◆ **DATA FOR THIS EXERCISE**:
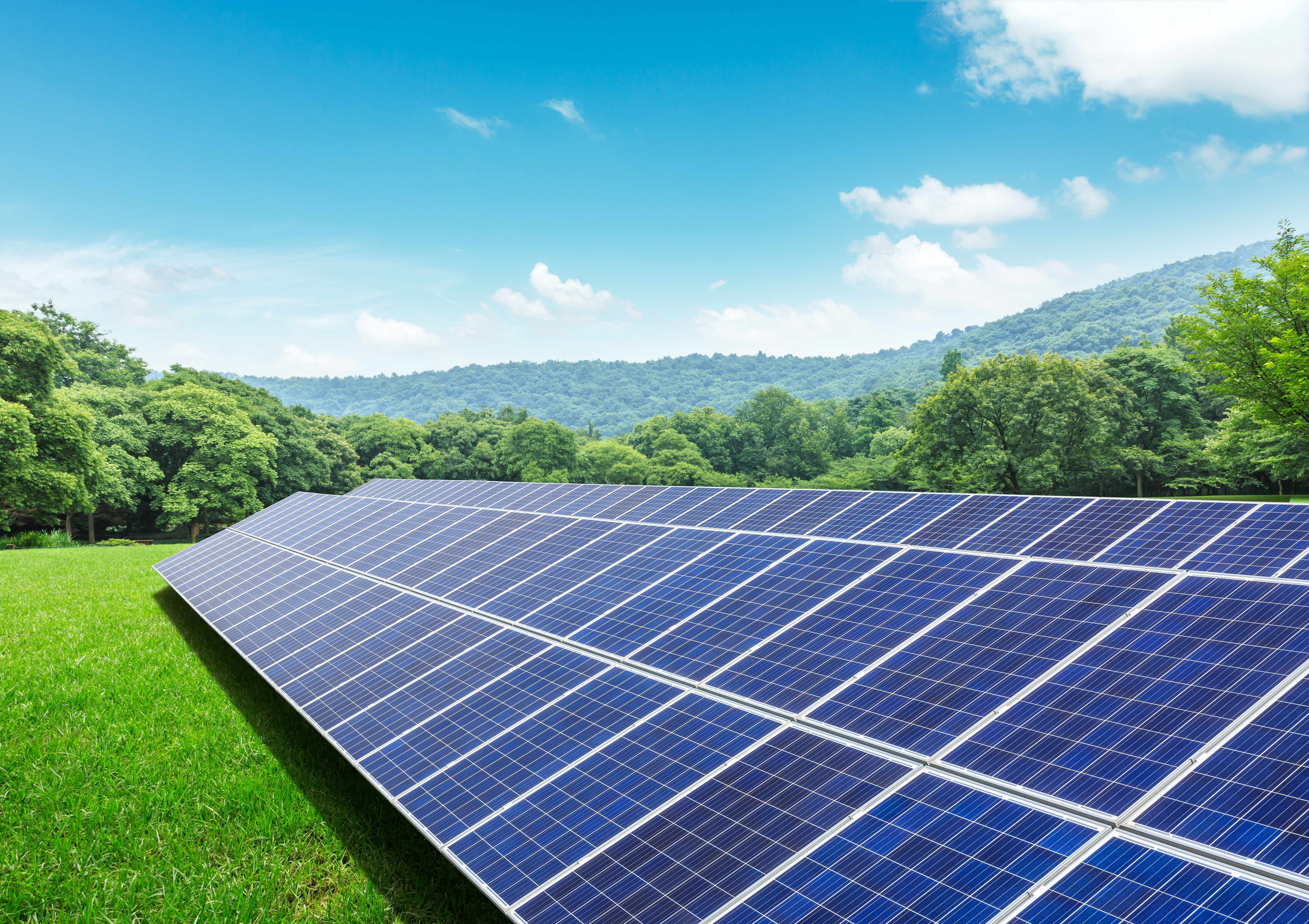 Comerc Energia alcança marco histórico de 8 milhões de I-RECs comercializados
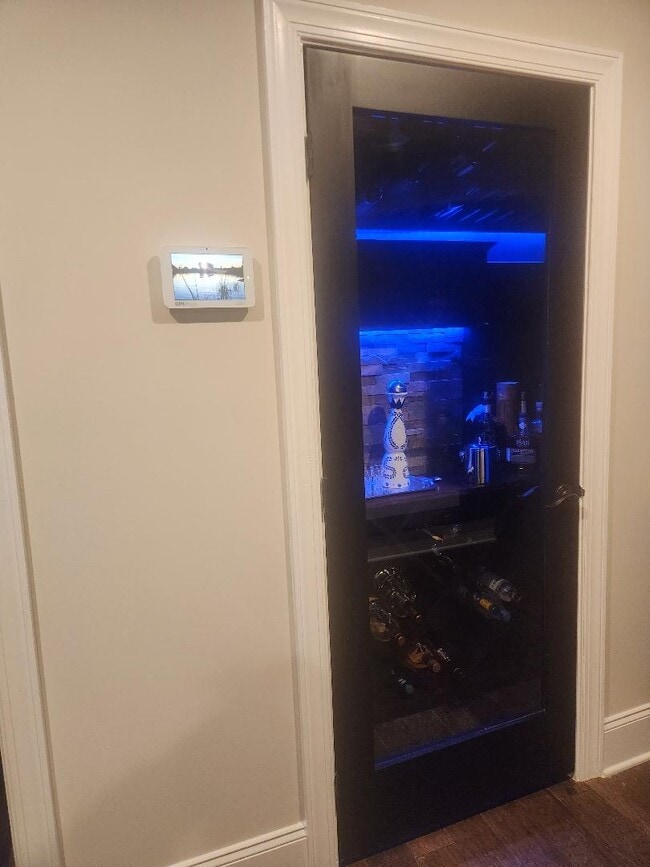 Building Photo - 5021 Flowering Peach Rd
...
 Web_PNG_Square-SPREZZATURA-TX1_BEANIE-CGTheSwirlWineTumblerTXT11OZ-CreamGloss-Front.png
* * *
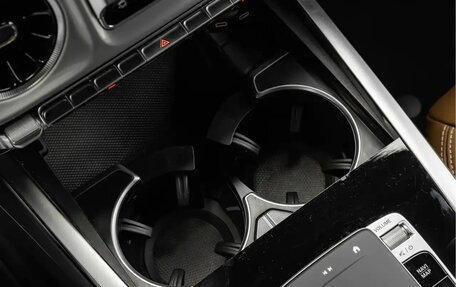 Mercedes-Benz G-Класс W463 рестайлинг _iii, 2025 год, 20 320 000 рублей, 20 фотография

◆ **ASSIGNMENT**:
Within the listing above, the stretch from the line with "Comerc Energia alcança" down to the line with "Building Photo - 5021 Flowering Peach Rd" is to be given again exactly, end lines included and pictures excluded.

◆ **ANSWER TO THIS EXERCISE**:
 Comerc Energia alcança marco histórico de 8 milhões de I-RECs comercializados
 Building Photo - 5021 Flowering Peach Rd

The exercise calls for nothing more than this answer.